According to the new report of the United Nations Environment Program (UNEP) ' Food Waste Index Report 2024 ', 73 crore people were sleeping without eating in 2022. This figure has increased to 78 crores in 2023. In 2022, 50 kg of food per person was being wasted in India. In 2023, 55 kg of food per person is going to be wasted in India. On the one hand, the number of hungry people is increasing and on the other hand waste of food is increasing.

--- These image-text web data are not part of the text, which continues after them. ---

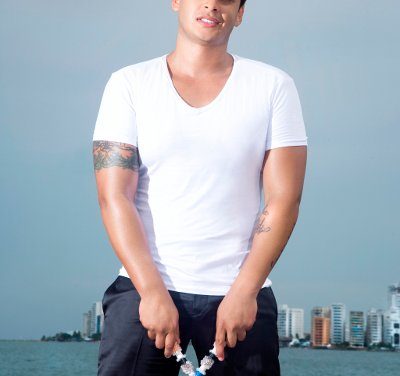 Kenny Williams nuevamente en Venezuela presenta un nuevo sencillo »BESAME»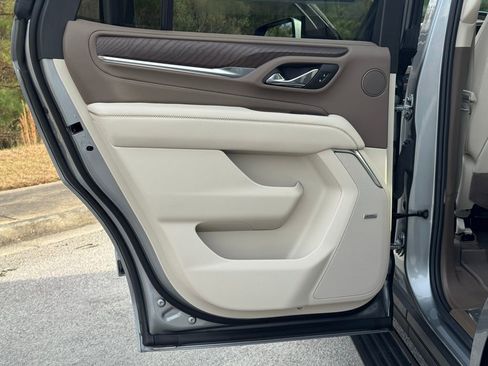 Used 2024 GMC Yukon Denali w/ Advanced Technology Package image 28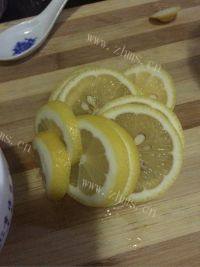 美味的腌制柠檬做法图解3)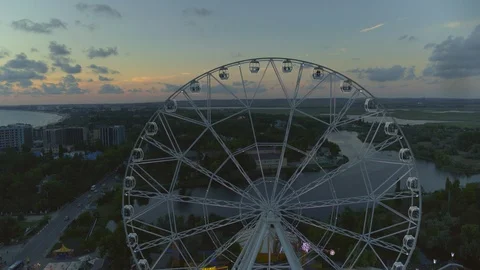 Ferris wheel on the beach Vídeo Stock 96474452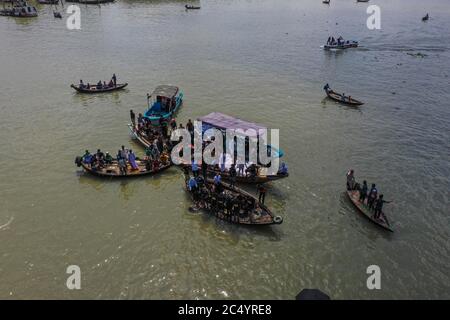 Dhaka, Dhaka, Bangladesch. Juni 2020. (Anmerkung der Redaktion: Bild mit einer Drohne) Rettungsarbeiter suchen nach Leichen von Opfern nach dem Start kenterte am 29. Juni 2020 im Buriganga River in Dhaka, Bangladesch. 32 Menschen starben und Dutzende werden vermisst, nachdem eine Fähre gekentert und versank am Sadarghat Fährterminal in Dhaka Kollision mit einem anderen Schiff, Feuerwehr Quellen sagten. Kredit: Zabed Hasnain Chowdhury/ZUMA Wire/Alamy Live Nachrichten Stockfoto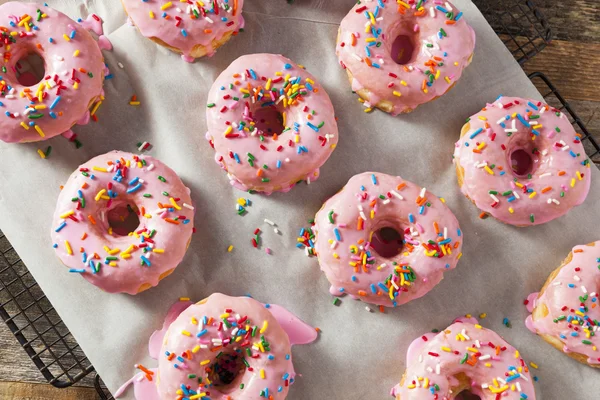 Hemgjord Sweet Donuts med rosa glasyr — Stockfoto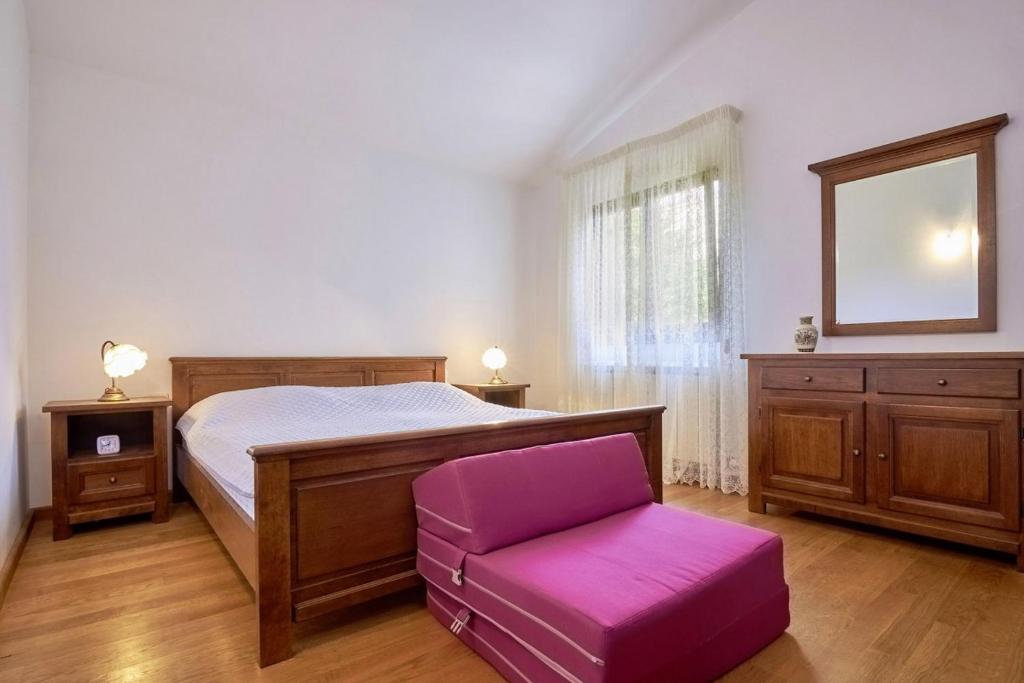 Posteľ alebo postele v izbe v ubytovaní Villa Theresa in Ližnjan (Haus für 12 Personen)
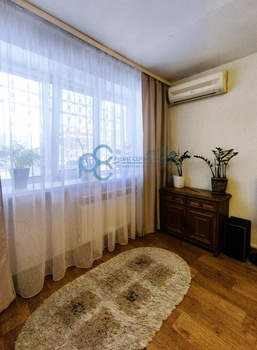 2-к квартира, вторичка, 42м2, 1/5 этаж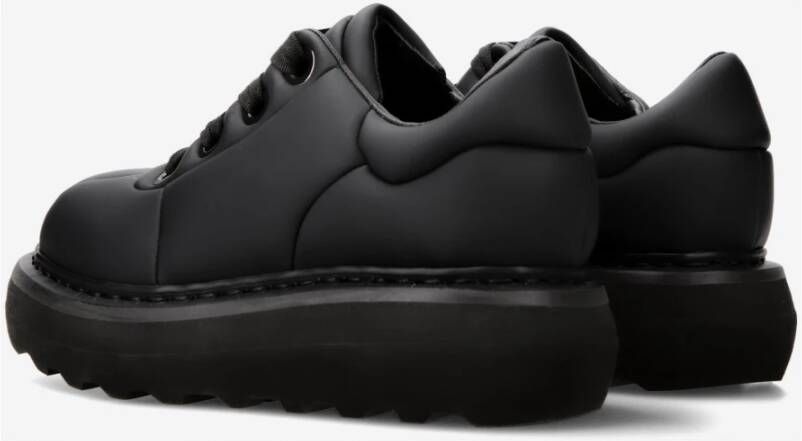 Premiata Cal M6610 veterschoenen van rubberized stof Black Dames
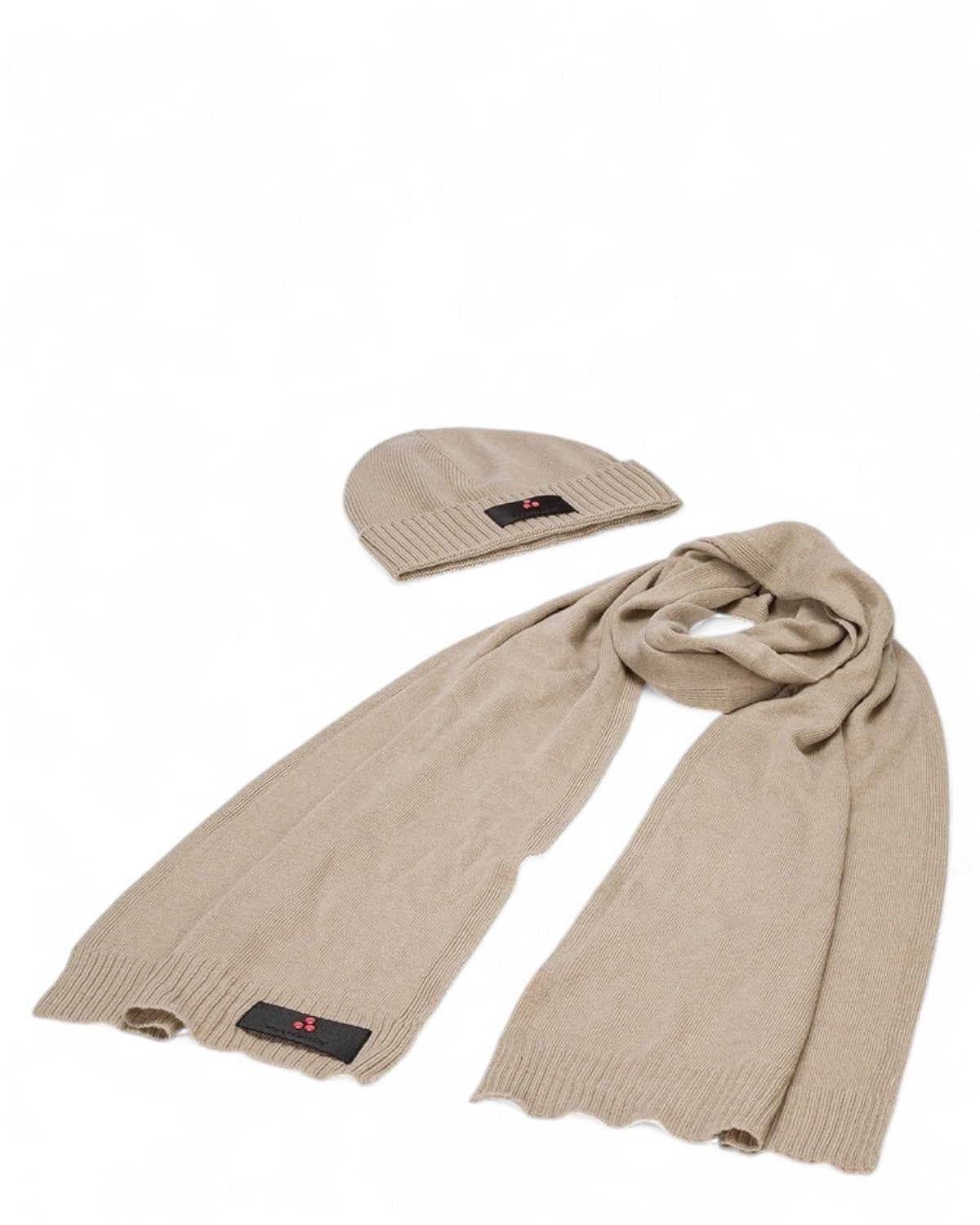 Set Peuterey con sciarpa e berretto in misto cashmere beige, con etichetta logo visibile. Ideale per look invernali eleganti e caldi.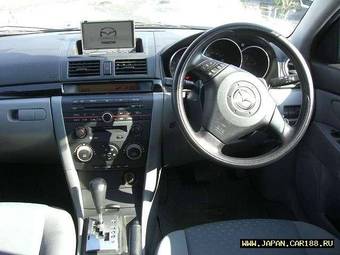 2005 Mazda Axela Pics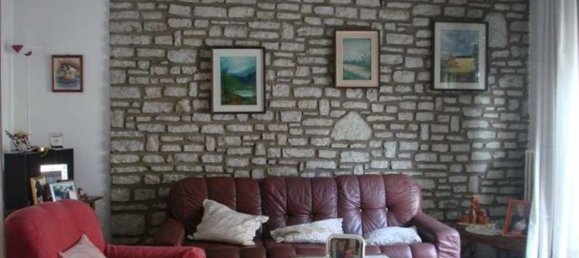 6 rooms Apartment in Marsciano, Italy No. 125021 2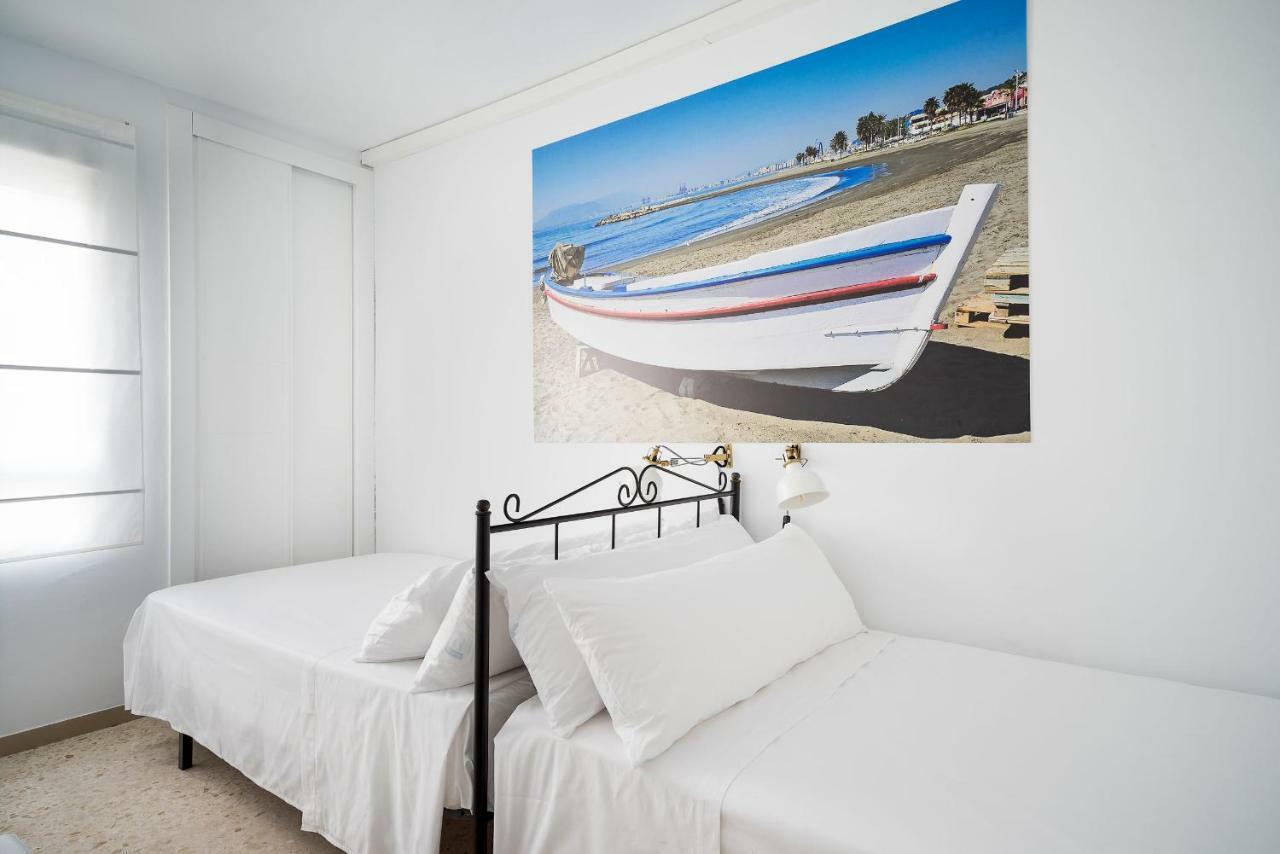 Arcos Beach Infostays - Free Parking マラガ エクステリア 写真
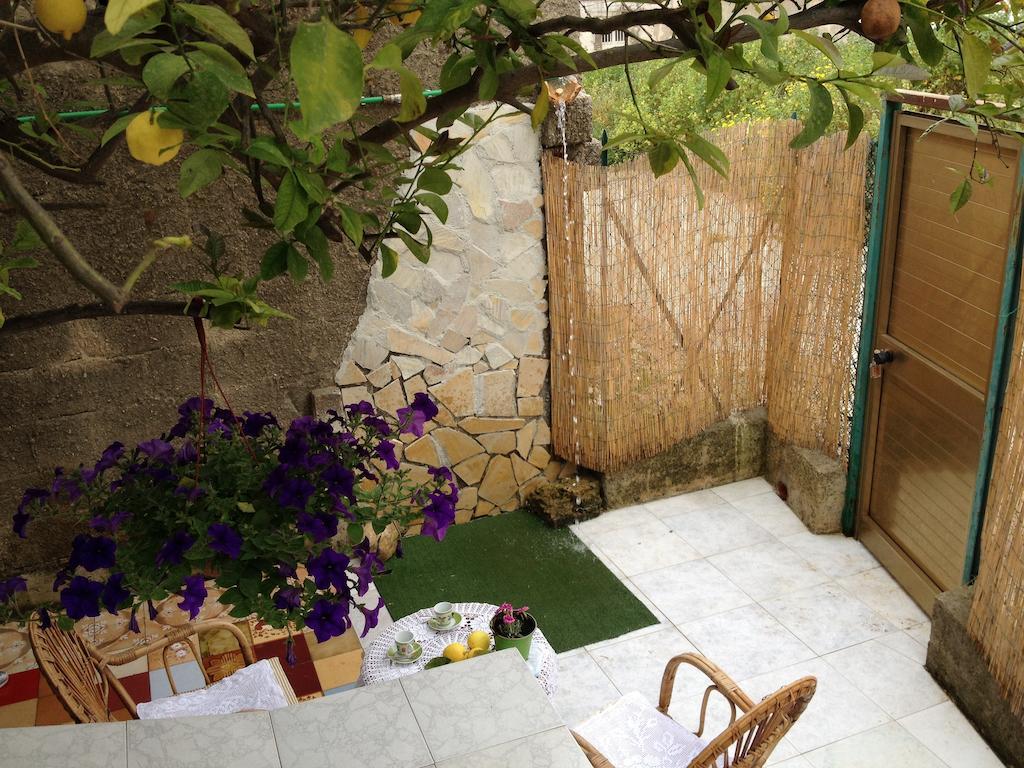 הוילה נוטו Case Vacanze Le Rose מראה חיצוני תמונה
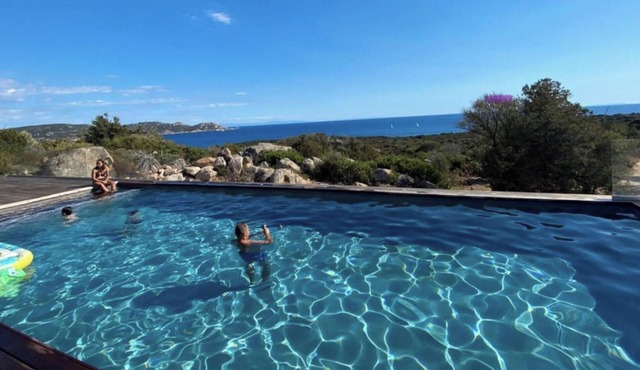 Villa Bergerie. Swimming pool. Seaside. Intimate and heavenly. Exceptional view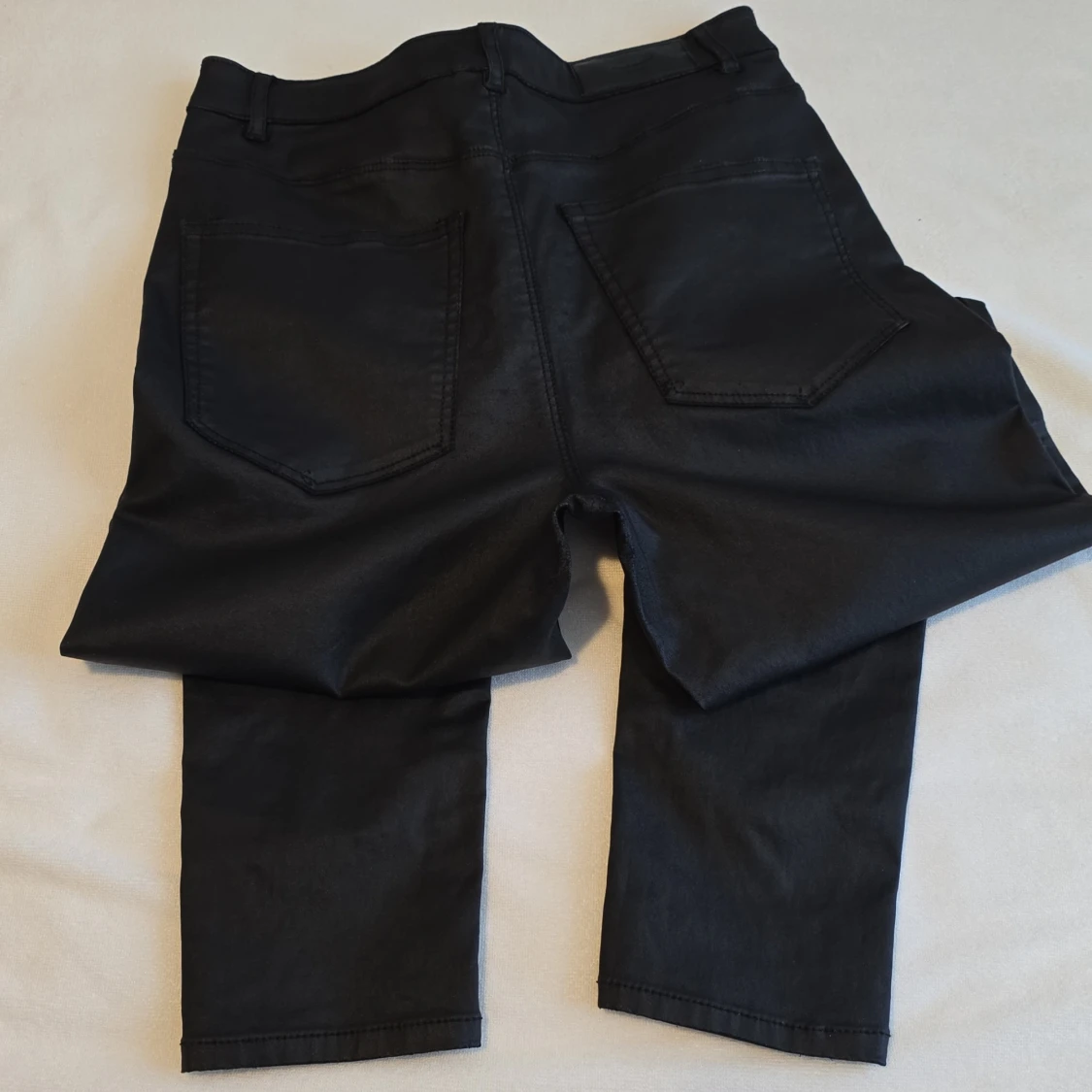 Svarta byxor i syntetmaterial - 4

What is the situation around the world?
On an average, every person in the world wastes 79 kg of food in a year. The amount of food being wasted in the world is 30 percent of the total production and a hungry person can get about one and a half meals a day. From this, it is being estimated that 30 percent of the hard work of farmers goes to waste every year.

Who is wasting food
? 61% of food is being wasted in homes, 23% in food service (ie restaurants), and 13% in the retail chain i.e. during supply, storage, or in shops. The annual per capita food wastage in Asian countries is like this -
* India 55 kg
* Pakistan 130 kg
* Afghanistan 127 kg
* Bangladesh 82 kg
* Bhutan 19 kg

According to the report, people are buying more food than required, much of which is thrown away due to expiry date. According to the ICMR report, there are 19 crore people in India who do not get three square meals a day. 14 crore people are sleeping hungry at night. India ranks 111 among 125 countries in the Global Hunger Index. But food wastage is increasing instead of decreasing.

According to an estimate, Rs 68 crore, 10 percent of carbon emissions, and the hard work of farmers can be saved by stopping food wastage in India. According to another UN report, the number of people suffering from malnutrition in India is 16.6%. Apart from this, short-height children are 31.7% and overweight children are 2.8%. At the same time, 76% of people in India do not have access to healthy food.